Tribal women segregate the feathers, which are turned into pulp and then yarn. Charkhas (spinning wheels) spin the yarn from the reclaimed feather wool. This yarn is woven on the looms to make woollen fabrics.    

The chicken feather woollen fibre obtained is soft, warm and durable having insulation properties and tensile strength. “Craft lovers and environmentally aware people appreciate the products. It does matter to them that the products come from chicken waste. After all even sheep wool is made from the hair of sheep. We make fibre from reclaimed feathers on chickens.

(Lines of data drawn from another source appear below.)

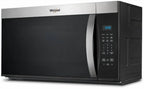 Whirlpool 1.7 cu. ft. Over-the-Range Microwave Oven with 1,000 Watts, 2-Speed 300 CFM Venting System, Add 30 Seconds, Dishwasher-Safe Turntable Plate, and Cooktop Lighting: Stainless Steel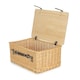 image 6 of Buff Willow Empty Picnic Basket with Pinewood Lid | Brown | L
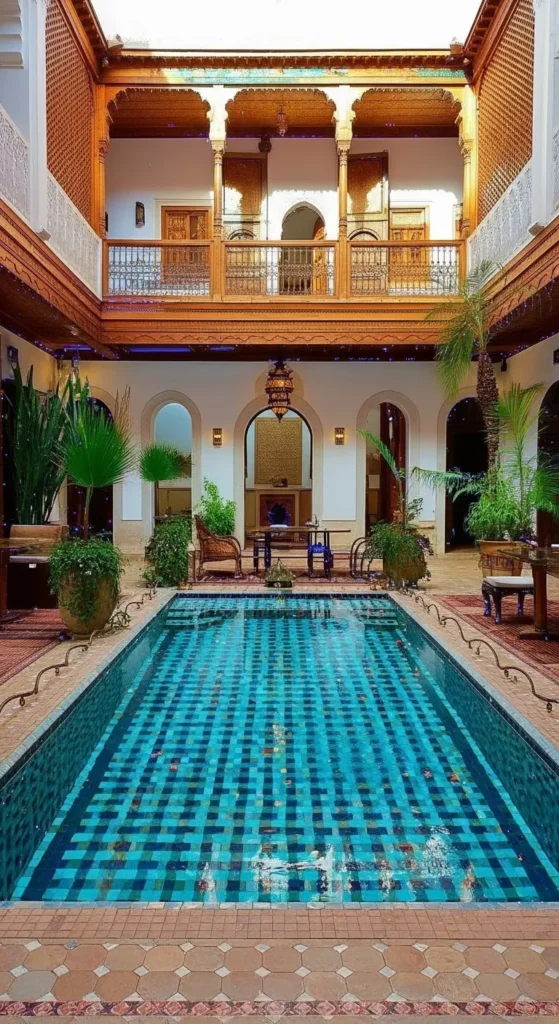 A beautiful, tranquil courtyard inside a traditional Essaouira Riad, featuring Moroccan architecture and vibrant tiles for a peaceful stay.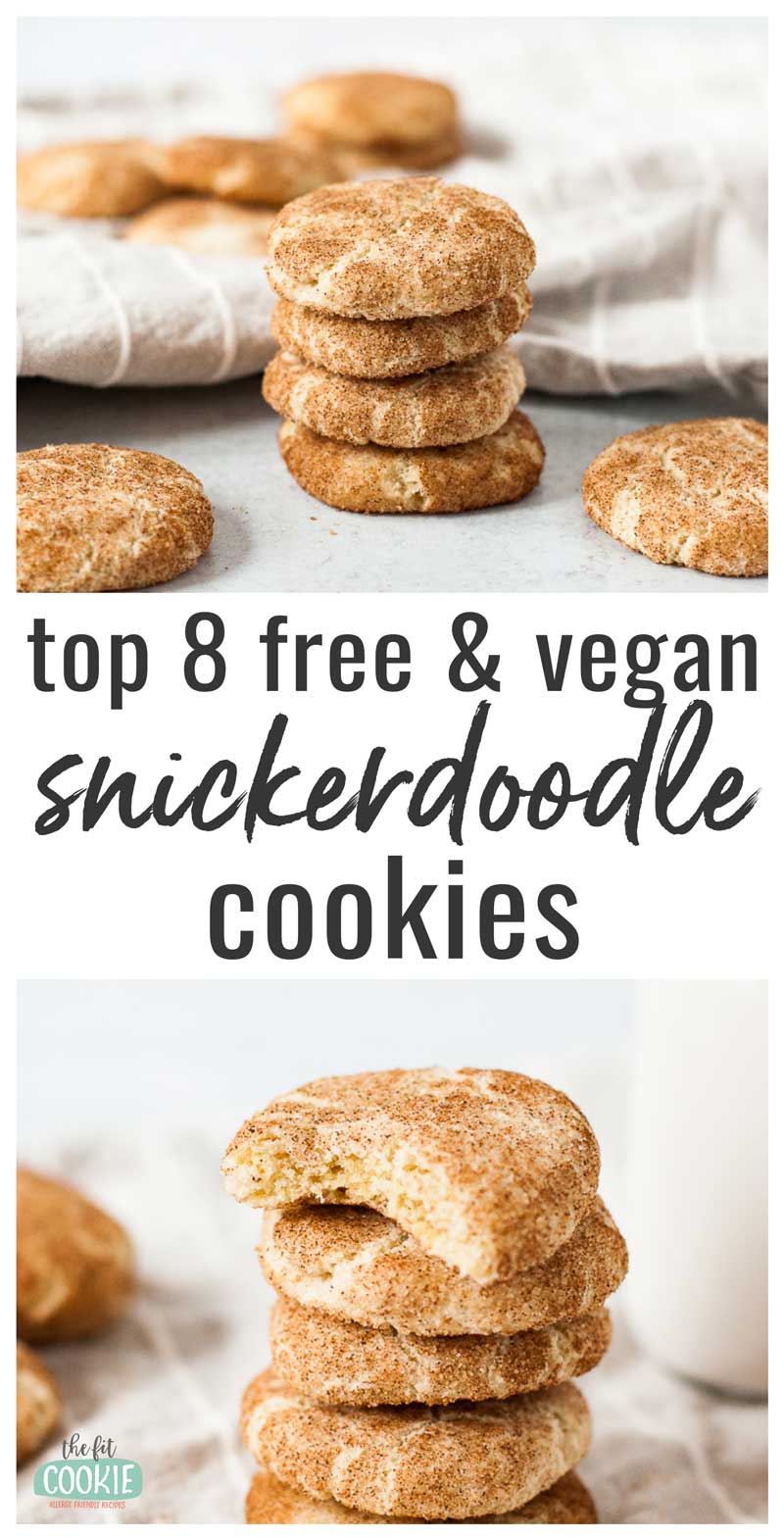 photo collage of gluten free snickerdoodle cookies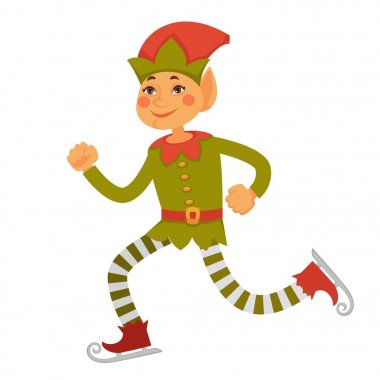 Elf koni şapka ve çizgili tozluk paten gider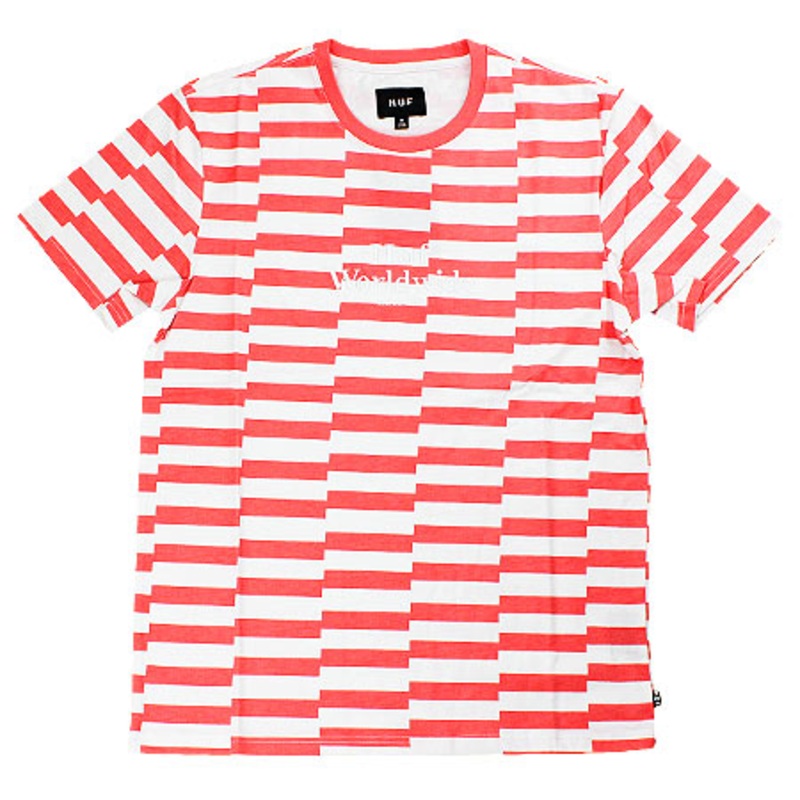 HUF Off Set T Shirt Salmon Medium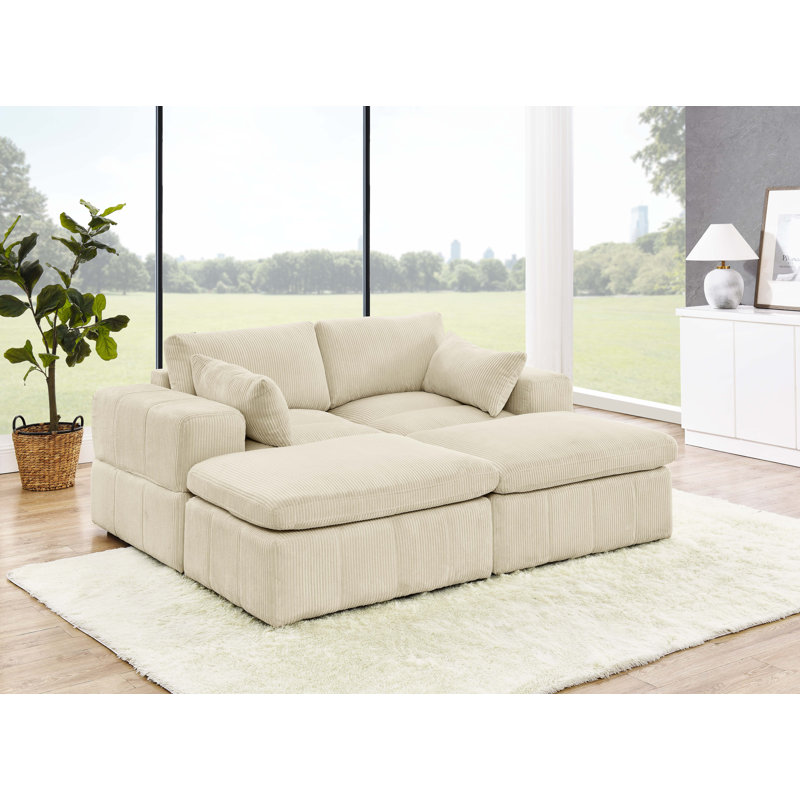 Canapé modulaire en velours côtelé Perthfoybairns, Velours côtelé beige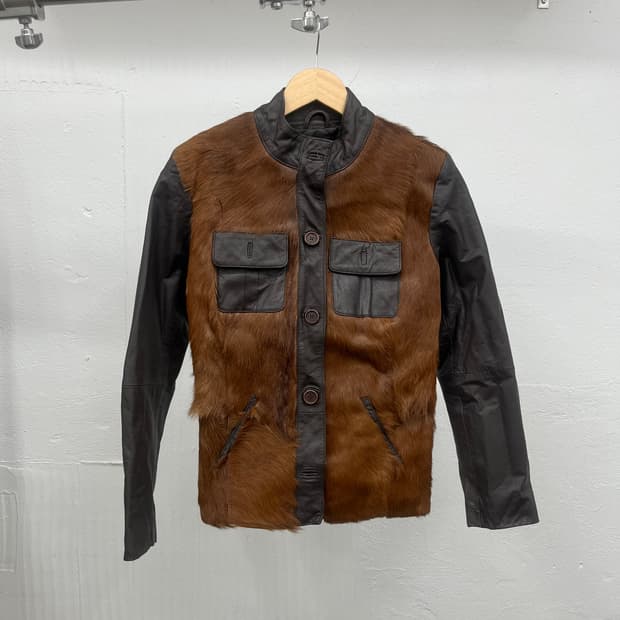 ~66) GOAT LEATHER FUR Y2K JACKET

I call the fibre that we have created the ‘sixth natural fibre’ after cotton, silk, wool, jute, hemp,” he says.

Radhesh Agrahari explaining work to tribal women workers. Pic: Golden Feathers

High-quality handloom wool is made into running cloth, and elegant shawls, stoles and mufflers. 

Golden Feathers offers products ranging from a diary made of handcrafted paper priced at Rs 100 to a shawl costing Rs 50,000. The more the surface ornamentation, like embroidery work, the costlier the product. The company’s catchline is ‘where style meets sustainability’. 

Customers are happy with their purchases. “I bought a shawl last year. It’s warm and comfy. It is a good alternative to wool that the world is depending on. It’s good for peak winters and for people with wool allergies,” says Kapil Verma from Jaipur.    

“The quality of fabric is amazing. Golden Feathers is a great initiative as it contributes to reducing carbon footprint and provides quality products. Good value for money,” says Sneha Soni from Dubai.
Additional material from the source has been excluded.